Shanghai - The idea of a partial sea burial, in which most of a person's ashes are sprinkled at sea while a small amount is put in a tiny box and buried in a cemetery, was introduced in Shanghai on Saturday.
The concept is aimed at ensuring less space is used in city graveyards.
People mourn their loved ones at Binhaiguyuan Cemetery in Fengxian district, Shanghai on Saturday. [Photo/Xinhua]
The first three families to choose a partial sea burial scattered about 99.5 percent of their loved ones' ashes in the ocean during the annual public memorial for sea burials, which took place at Binhaiguyuan Cemetery in Fengxian district, Shanghai on Saturday.
The memorial garden contains a monument carrying the names of almost 2,000 people whose entire ashes have been scattered at sea.

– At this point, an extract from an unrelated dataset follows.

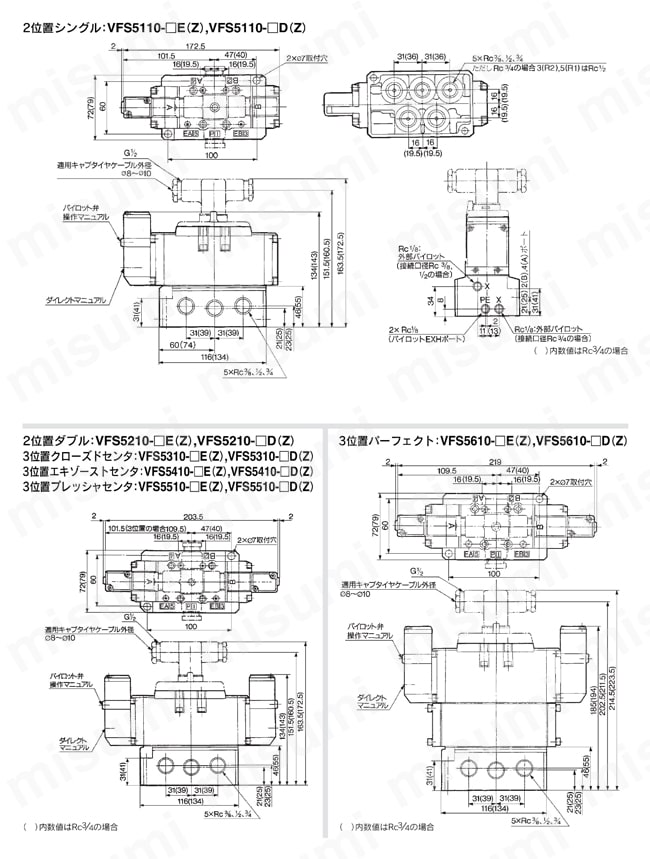 5ポートソレノイドバルブ パイロット形 メタルシール プラグインタイプ・ノンプラグインタイプ VFS5000シリーズ ノンプラグインタイプ外形図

"We introduced the partial sea burial as a new concept, also a mid-point between traditional burials and sea burials," said Zhao Xiaohu, the manager of Binhaiguyuan Cemetery. "We keep a small amount of ash in a container as large as a matchbox that will decompose in the ground along with the ash after being buried."
Zhao added that he and his team at the memorial garden, which was established in 2004 for families choosing burials at sea, will recommend partial sea burials to families because of the environmental benefits.

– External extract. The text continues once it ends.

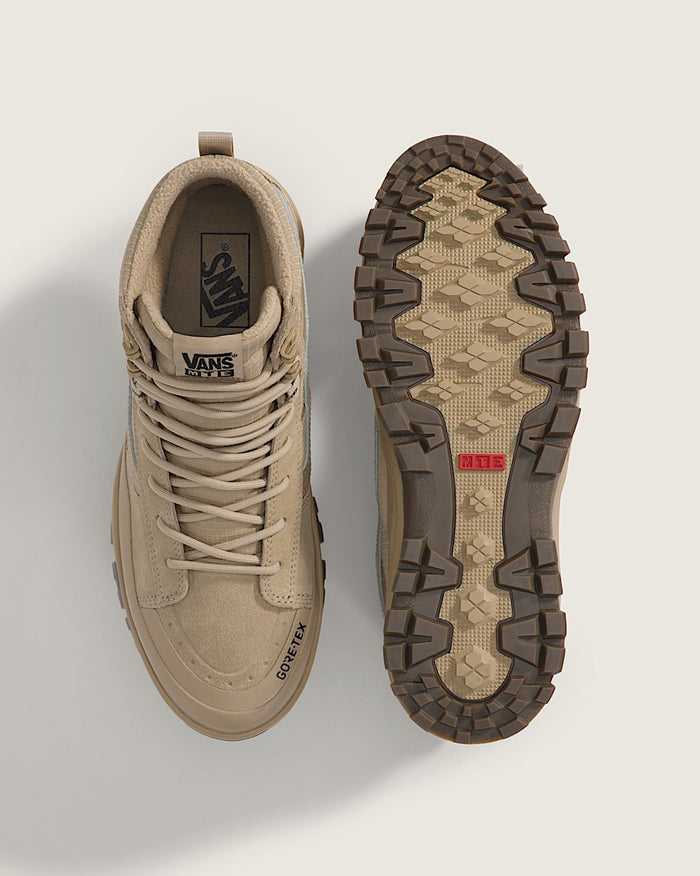 Vans Sk8-Hi GORE-TEX Insulated Shoes in tan with suede upper, GORE-TEX detailing, and rugged rubber outsole, top and sole view.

According to statistics from the Shanghai Feisi Sea Burial Company -- the only authorized sea burial company in China -- the annual increase in the number of sea burials is about 10 percent. About 1.5 percent of the city's burials are at sea.
Two decades ago only 0.2 percent of Shanghai residents were buried at sea. The practice started to take off in the metropolis in 1991, when the ashes of 287 people were scattered at sea. The number had risen to 2,100 by 2010.
"Despite the rise in the number of people accepting sea burials, we would still like to see more people choose this environmentally friendly method," said Zheng Jixiong from the Shanghai Feisi Sea Burial Company.
"Residents' awareness and acceptance of sea burials have increased significantly during the past two decades."
During the past 20 years, the city has organized 162 collective sea burial ceremonies, scattering more than 21,100 caskets of ashes.
"I would like to be buried at sea because I don't want the next generation to waste too much energy on organizing my funeral and on tomb sweeping every year. They can remember me in their hearts," said Hu Pei, a resident in her 50s.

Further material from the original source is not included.